▶ EXERCISE OBJECTIVE: Among the entries below, the lines from the one with "Sofie Naam koffiemok" up to and including the one with "Thumbnail for 7pcs" are to be restated exactly, without pictures.

▶ THE INPUT:
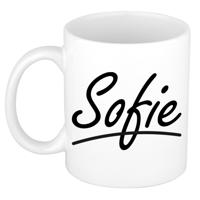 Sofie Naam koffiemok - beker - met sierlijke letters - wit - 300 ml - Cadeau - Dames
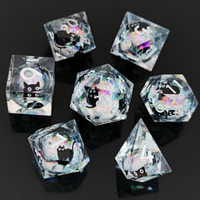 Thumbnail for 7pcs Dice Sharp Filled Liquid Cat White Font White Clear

* * *

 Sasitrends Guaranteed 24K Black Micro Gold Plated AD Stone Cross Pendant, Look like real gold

▶ TASK RESPONSE:
 Sofie Naam koffiemok - beker - met sierlijke letters - wit - 300 ml - Cadeau - Dames
 Thumbnail for 7pcs Dice Sharp Filled Liquid Cat White Font White Clear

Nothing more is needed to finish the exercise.